Andrew Smith, a surgeon from the Manhattan Eye and Ear Hospital in New York, noted in the 1870s the origin of the term ‘bends’. Because pain in the hips and lower extremities was generally aggravated by an erect position, the victims often assumed a stooping posture. Sufferers among the workers on the Brooklyn Bridge caissons in New York were the objects of good-natured ridicule by their comrades, who likened their angular postures to a fashionable stoop in walking, termed the ‘Grecian bend’, which was practiced by sophisticated metropolitan women at the time. He was aware of the value of recompression, but this was unacceptable to some of his patients. Instead he used hot poultices, ice packs, hot baths, ergot, atropine, whiskey and ginger – or morphine if the others failed. He constructed the first specialized treatment chamber.
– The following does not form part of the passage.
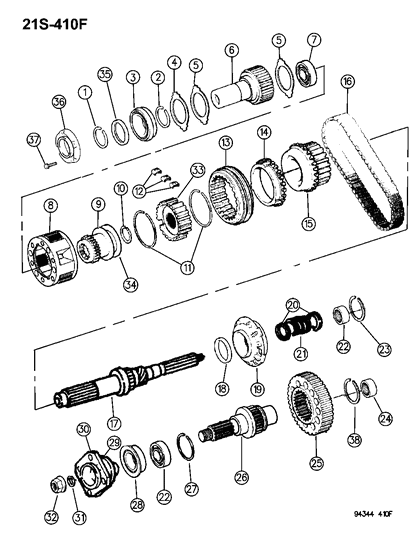 2004 Chrysler Concorde Yoke Transfer Case Output Diagram for 4746152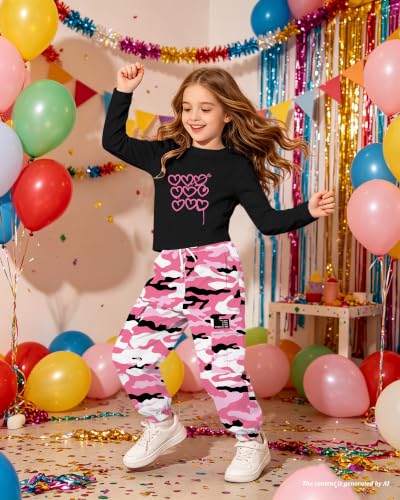 Image of Betusline Girls Fall Winter Clothing Sets, Long Sleeve Crop Top & Cargo Jogger Pants 2 Piece Outfit Sets,4T-14Y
Moir, in the early 1890s, working on the Hudson River caisson tunnel in New York, reduced the DCS death rate from 25 per cent of the work force per annum to less than 2 per cent by the use of more careful decompression from caisson exposures and by recompression therapy for symptomatic cases. However, problems were not eliminated, and in projects requiring exposure to relatively high pressures to construct tunnels under New York’s East River in the early 1900s there remained a significant problem with mortality and morbidity, as reported by Keays in 1909.
Not surprisingly, during the early part of the twentieth century there was considerable controversy regarding the speed and manner in which divers and caisson workers should be decompressed. An English physiologist, John Scott Haldane, proposed equations to describe tissue inert gas kinetics and proposed that limiting inert gas supersaturation (see later) during decompression was the key to preventing DCS. His decompression tables, first published in 1908, resulted in a remarkable reduction in the incidence of DCS in both diving and caisson work, and variants of Haldane’s methodology are still in use for planning decompression today. These issues are discussed in Chapter 12.